His analysis of how the Cold War was fought out in the region is, of itself, a fascinating study of power politics and Clausewitz’ assertion of war being politics by other means. The respective roles of the Russians, Chinese, Cubans and Americans in manipulating the mineral-rich region for their own political and economic ends are revealed. Told here, too, are the stories of how the post-colonial powers, Britain and Portugal, sought to impose their will on the newly independent countries.
Why Mugabe used to refer to Tony Blair with such venom is covered in detail by Chan who leaves us in no doubt of the manipulative work of our former Prime Minister – to the point, in fact, where you have to pinch yourself not to have some sympathy with the tyrant Mugabe.
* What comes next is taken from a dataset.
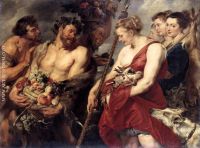 Peter Paul Rubens Diana Returning from Hunt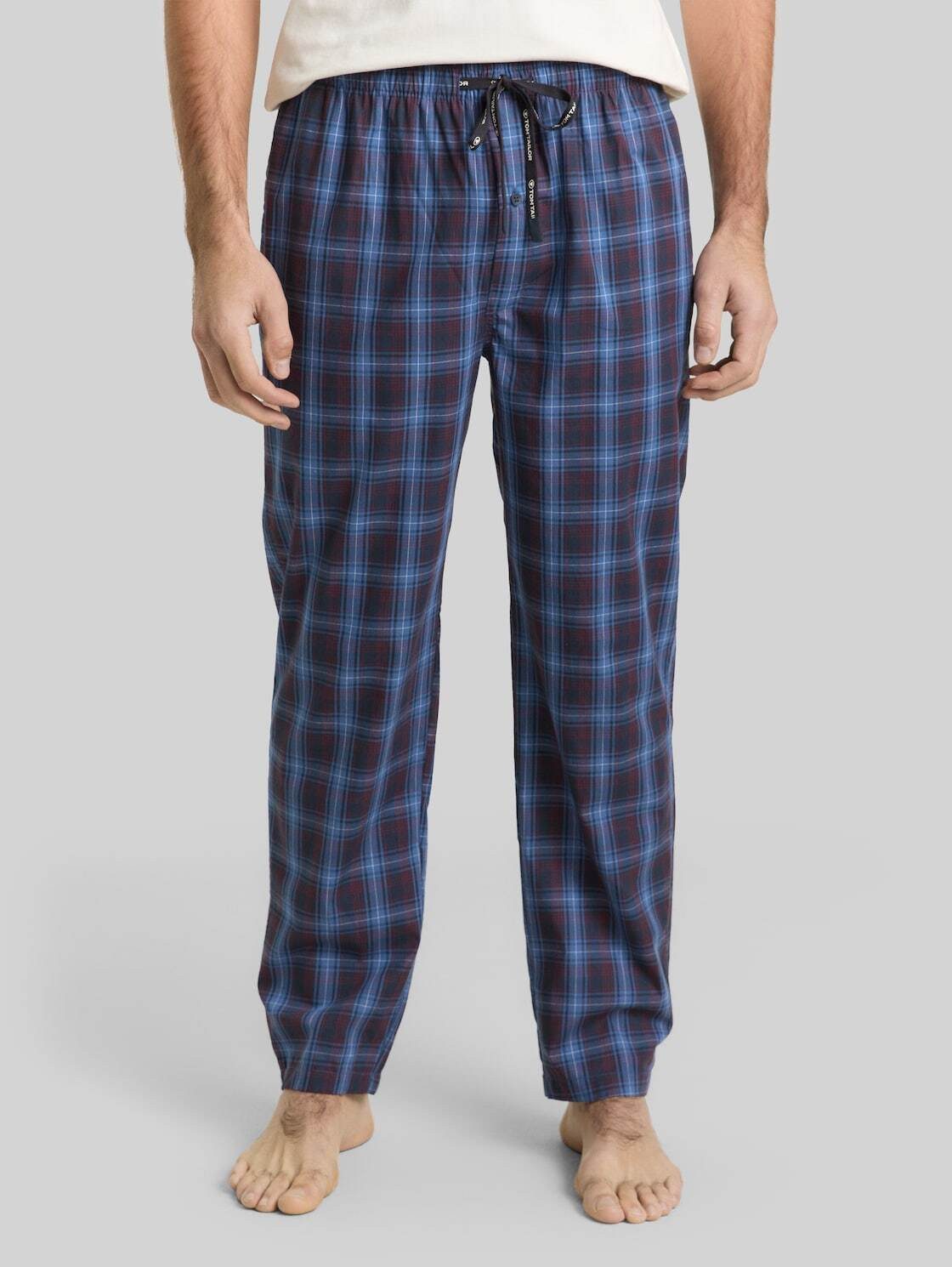 TOM TAILOR Pyjama Unterwäsche (1 tlg) Pyjama-Hose aus Baumwolle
His narrative is also marked by some amusing anecdotes. Lord Carrington, for example, during the Lancaster House negotiations, was so taken by the charm and intellect of Mugabe that he joked about putting him up for membership of White’s – his London club. The BBC may be banned from Zimbabwe but Chan cuts John Simpson’s “secret reporting” down to size by revealing that the locals try to get in camera shot because they know the van following him is the camera.
To go to South Africa now it is easy to get a romanticised view. The trip from Cape Town’s modern World Cup refurbished airport to the Waterfront is a journey into an international city. Stay in one of the many hotels before venturing into the wine growing regions of the Western Cape with supermarket familiar names such as Paarl, Stellenbosch, False Bay and Franschhoek and the traveller can slip into tourist heaven lured by the delicacies of a cuisine that is as essentially African as it is Mediterranean, European or Asian.
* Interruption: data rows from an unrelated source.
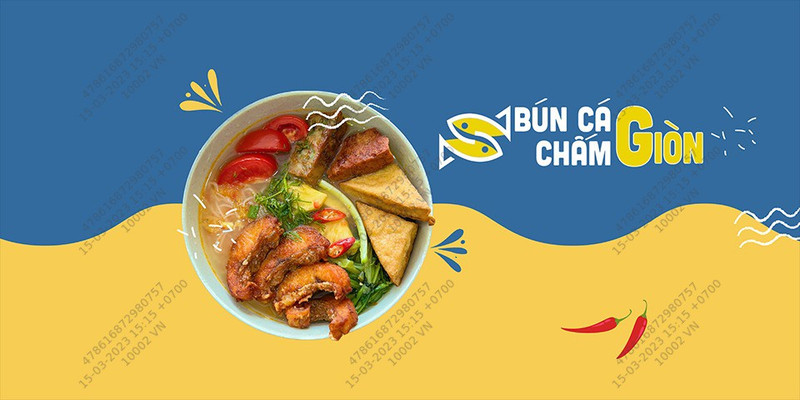 Bún Cá Chấm Giòn - Bún Cá Chuẩn Vị Hà Nội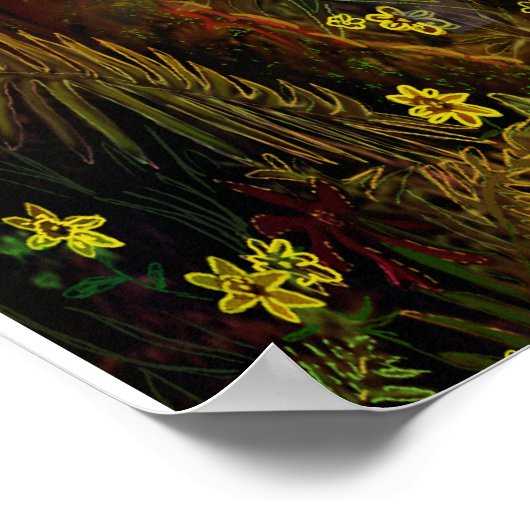 Een sprookje poster (Hoek)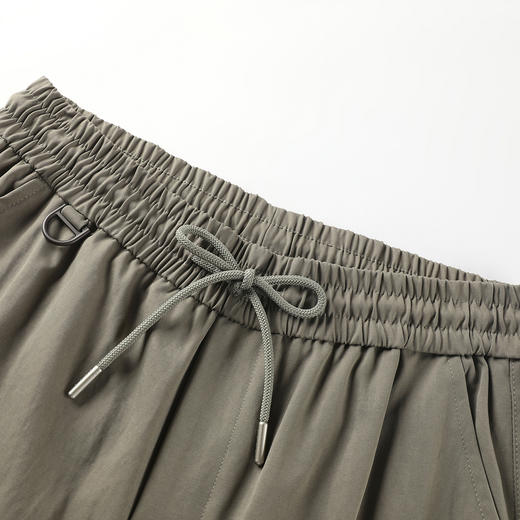 GXG男装【伞兵裤】25秋季户外工装宽松直筒运动裤男式束脚休闲裤K&C 商品图9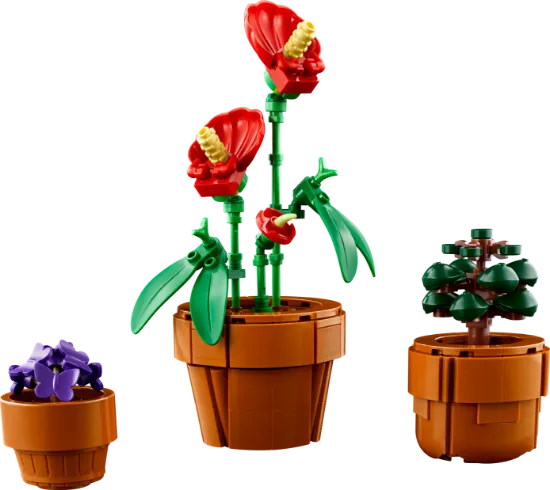 LEGO Icons 10329 Tiny Plants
Yet the contrasts are stark. That same ride into Cape Town will take the wide-awake traveller through some of the biggest shanty towns with people, almost exclusively black and living in poverty, packed into ramshackle, flimsy constructions. The workers in the now affluent Garden Route areas and wine regions fare better only in that they have low-paid jobs and a little more living space.
The pattern is repeated across the country. Durban, Pretoria and Johannesburg all boast beauty, modernity and occasional outbursts of opulence set against huge townships dominated by the poor, the dispossessed and migrant, mainly Zimbabwean, labour. Levels of crime are as endemic as those of poverty and ethnic conflicts raise the occasional spectre as unemployed South Africans compete for work with Zimbabwean ex-pats forced out by the politics and the poverty of their homeland. Harare, too, offers such contrasts as the country struggles to recover from the sort of hyper-inflation that makes the German experience in the 1920s seem a blip on the economic radar.
These contrasts of fortune lie at the heart of the politics of the region. Aspirations built up by liberation from civil war and apartheid are huge, as are the challenges of the governments to secure adequate public health, industrial infrastructures, education systems and social justice. It is a testament to Chan’s sharp powers of narrative and analysis that these challenges are made clear. By setting out the history and telling how the region got to where it is today, he has identified those challenges and sets the scene for what will be a meeting of the African solution and the pressures of the global community.